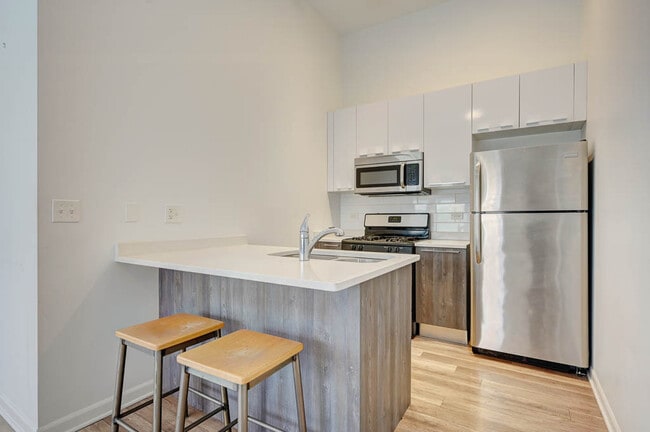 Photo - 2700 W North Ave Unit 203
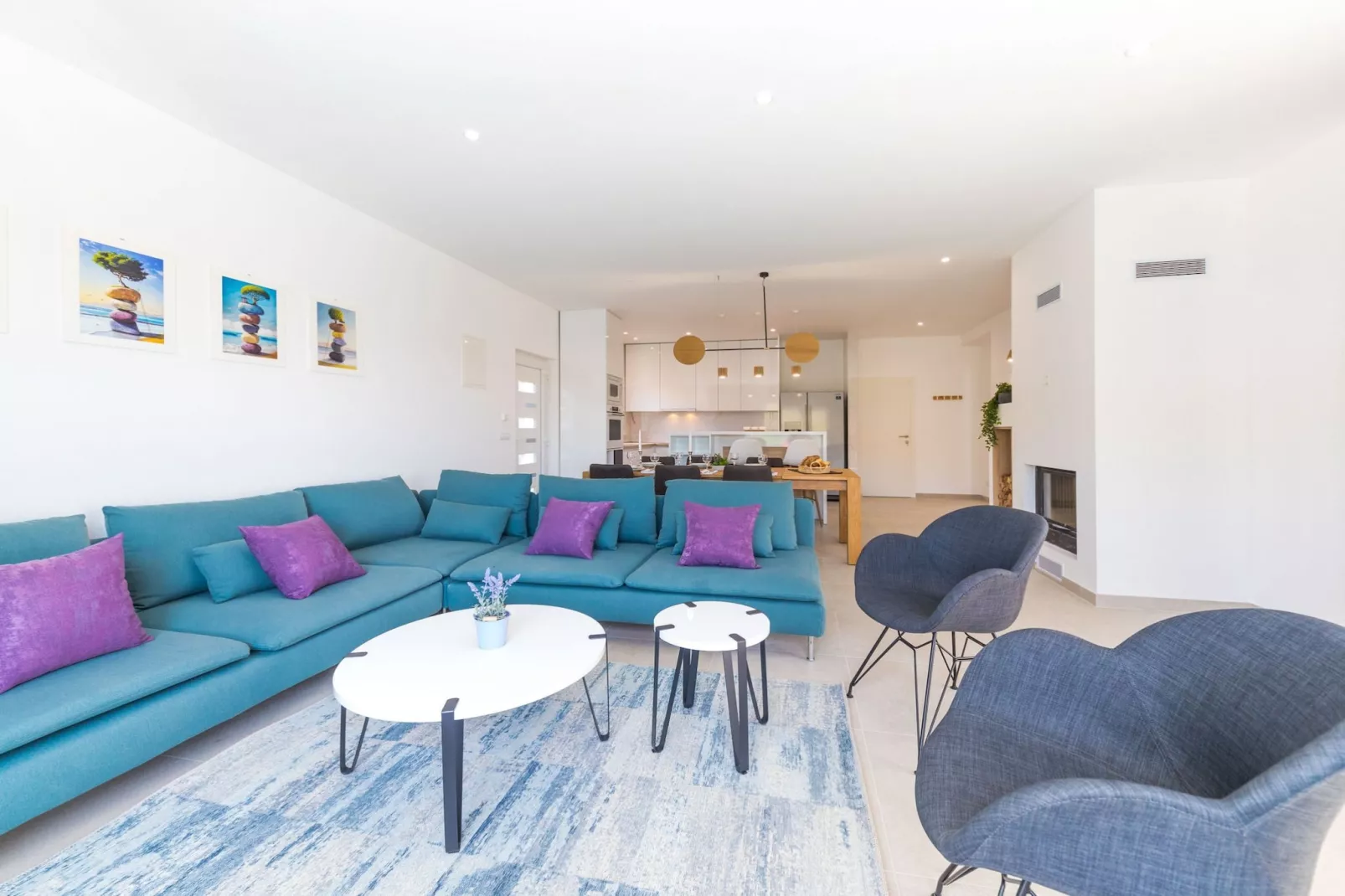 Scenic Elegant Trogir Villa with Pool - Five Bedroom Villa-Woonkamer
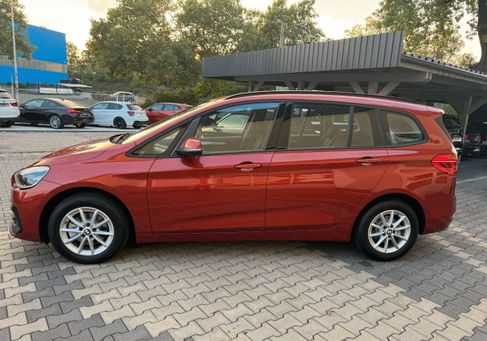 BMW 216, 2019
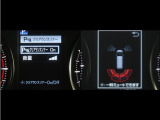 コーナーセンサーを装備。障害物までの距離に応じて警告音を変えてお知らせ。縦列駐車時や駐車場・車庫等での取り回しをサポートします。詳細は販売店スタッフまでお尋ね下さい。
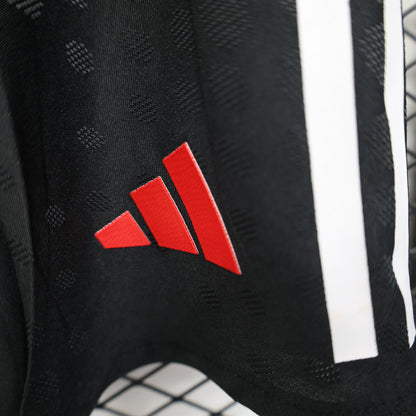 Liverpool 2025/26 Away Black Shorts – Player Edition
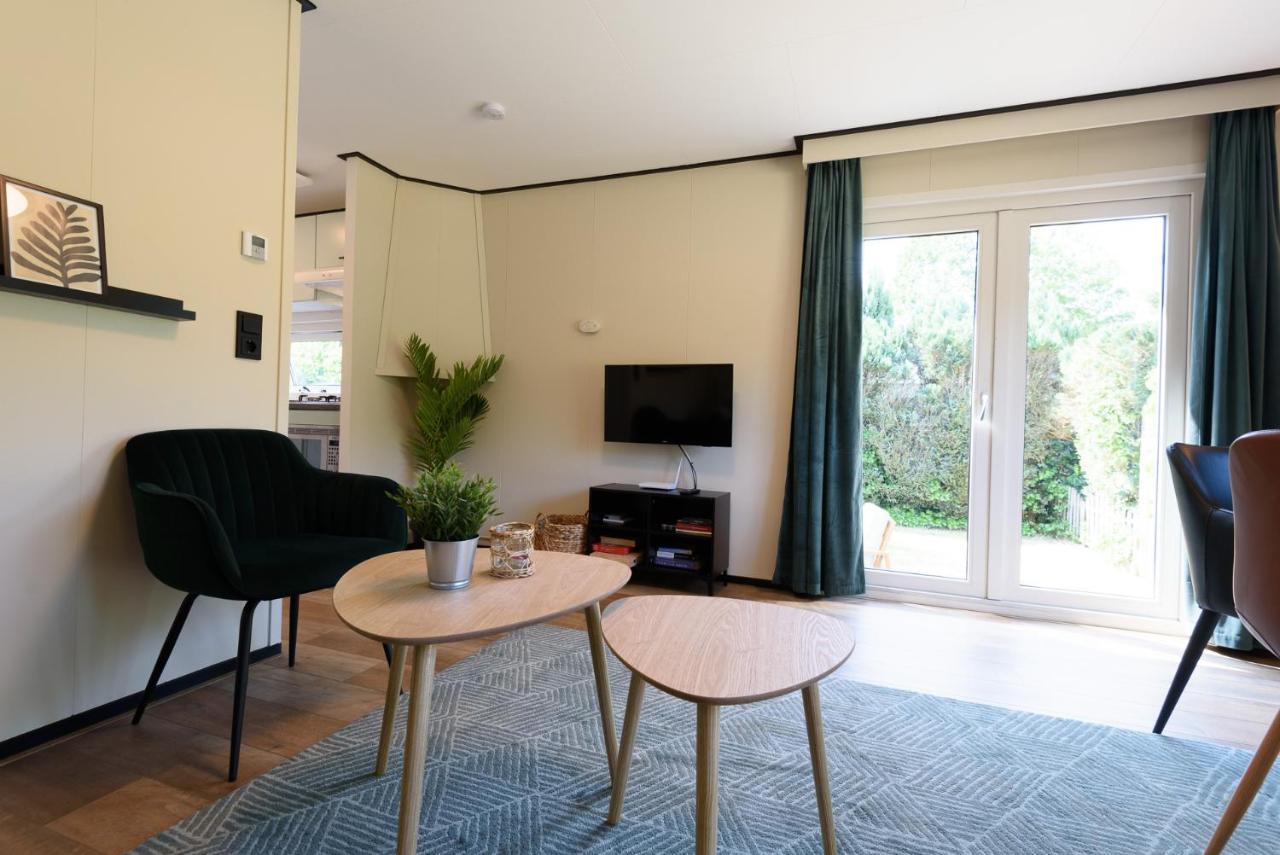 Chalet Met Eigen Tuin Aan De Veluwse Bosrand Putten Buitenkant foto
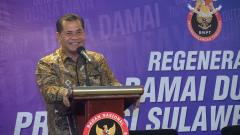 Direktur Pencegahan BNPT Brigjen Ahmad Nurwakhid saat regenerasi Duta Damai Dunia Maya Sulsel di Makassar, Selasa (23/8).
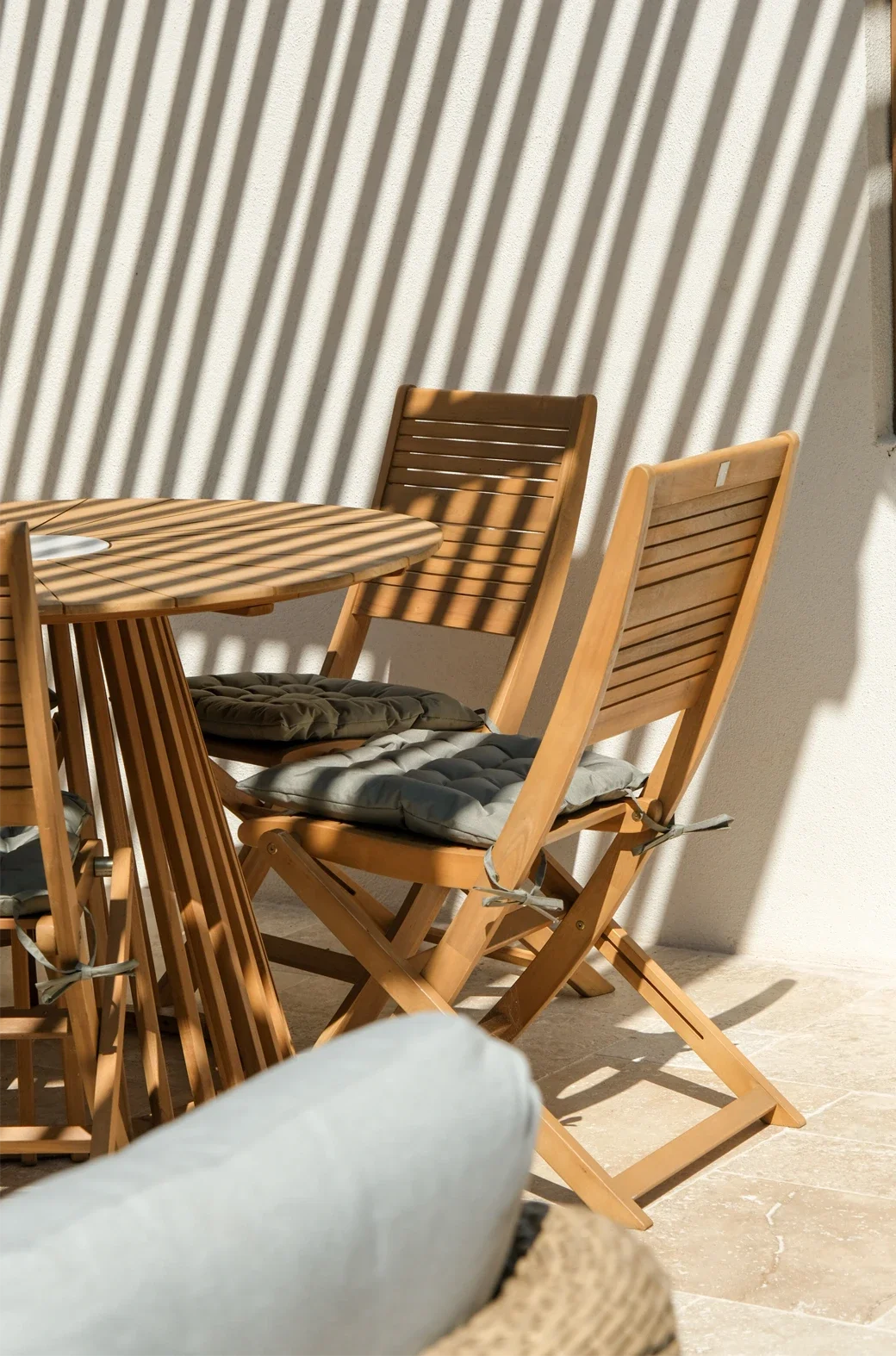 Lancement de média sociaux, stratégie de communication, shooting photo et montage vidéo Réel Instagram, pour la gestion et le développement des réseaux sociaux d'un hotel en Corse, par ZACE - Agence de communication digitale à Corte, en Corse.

********************

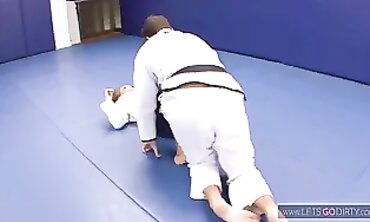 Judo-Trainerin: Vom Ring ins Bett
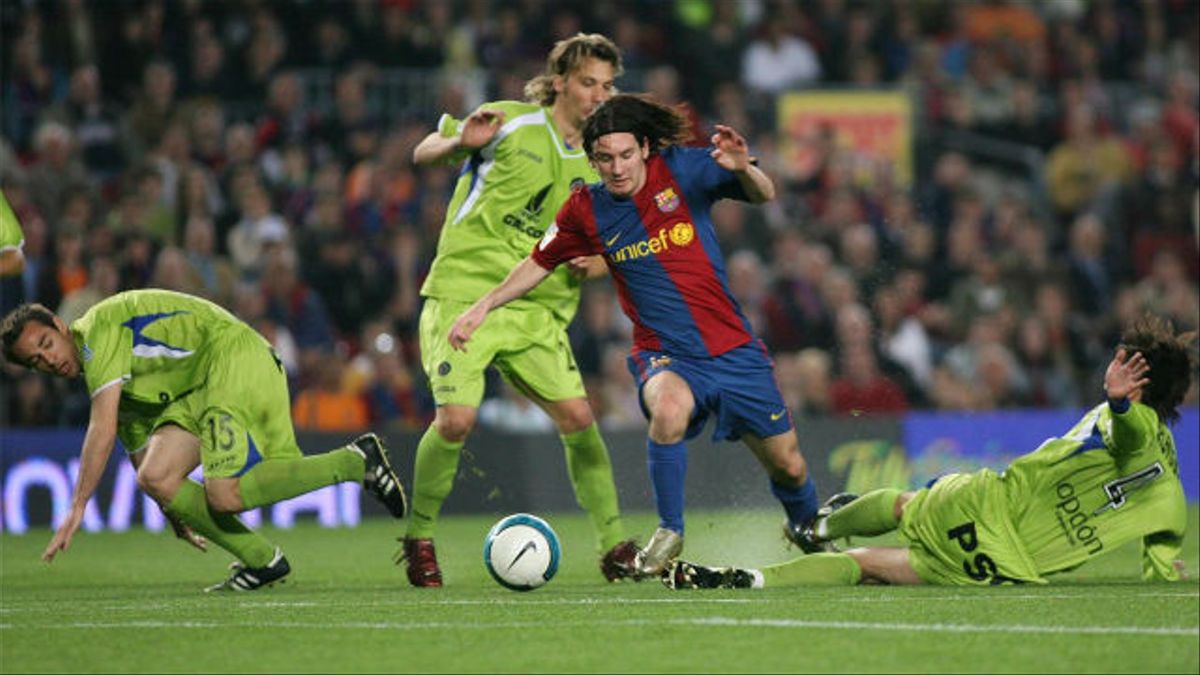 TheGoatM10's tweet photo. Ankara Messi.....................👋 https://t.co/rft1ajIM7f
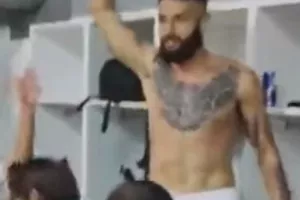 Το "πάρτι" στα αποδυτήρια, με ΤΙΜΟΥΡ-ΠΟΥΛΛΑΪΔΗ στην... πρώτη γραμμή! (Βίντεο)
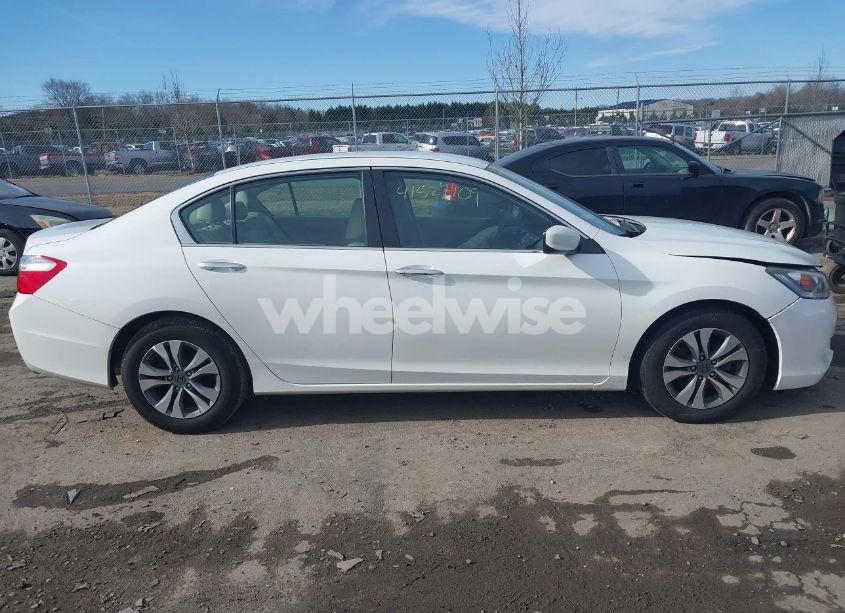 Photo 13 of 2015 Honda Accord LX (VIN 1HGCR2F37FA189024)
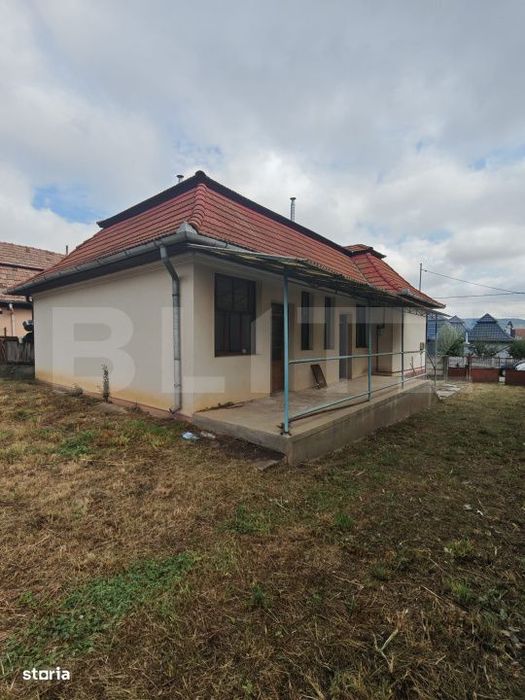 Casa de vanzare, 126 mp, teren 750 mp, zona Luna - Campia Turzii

********************

• Problem requirements: Above are the records; please give again, exactly and in full, only the lines that run from the line with "Photo 13 of" through the line with "Casa de vanzare, 126", with no pictures.

• Answer below:
 Photo 13 of 2015 Honda Accord LX (VIN 1HGCR2F37FA189024)
 Casa de vanzare, 126 mp, teren 750 mp, zona Luna - Campia Turzii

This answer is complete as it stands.